Rather than ban the practice outright, as Kreidler has wanted to do since taking office in 2000, the new version of the bill directs insurers to use a client's highest credit score when they renew a property or casualty insurance policy. (Home and auto insurance policies typically renew annually.) The law sunsets after three years.

Since the pandemic tanked some peoples' credit scores, and since higher credit scores lead to lower insurance costs in this hell world, the new bill would help people who enjoyed good credit scores before the pandemic spend less on home and auto insurance when their policy renews if they saw a reduction in their credit score.

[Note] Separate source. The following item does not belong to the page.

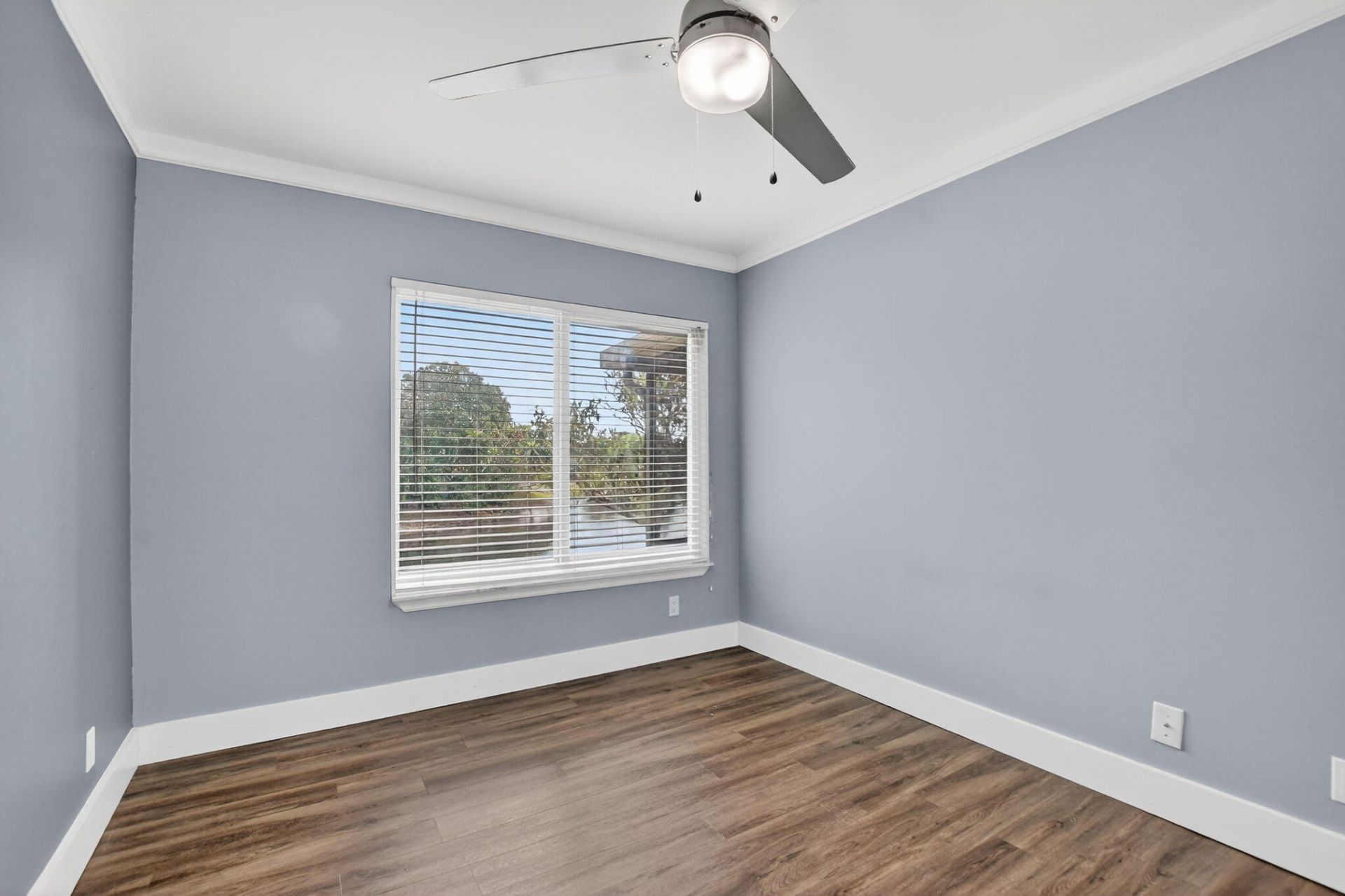 6773 Boca Pines Trail, Boca Raton, FL 33433 Photo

In his release, Kreidler pointed out that that the new law takes effect in the fall of 2021, so "if your credit suffered during the pandemic and your policy renews before October 2021, the bill offers you no relief," and "if you want to shop around for a better policy, you’ll get hit with your current credit score—not the best score."

The bill passed the Senate business committee last Monday with all in favor except for Sen. David Frockt, who voted "without recommendation." That sort of vote allows the bill to move out of committee, but during the hearing Sen. Frockt said he reserves "the right to do whatever on the floor."

Sens. Bob Hasagawa and Steve Hobbs expressed some reservations and pushed for budget writers to add a study of the issue as a proviso rather than amending the bill to include a study, which might have slowed down its passage.

For now, the bill will sit in the Rules committee until leadership schedules it for a floor debate. If you want to press your representatives in the Senate and the House to either kill this bill or else voice your support for a full ban, you know where to find them.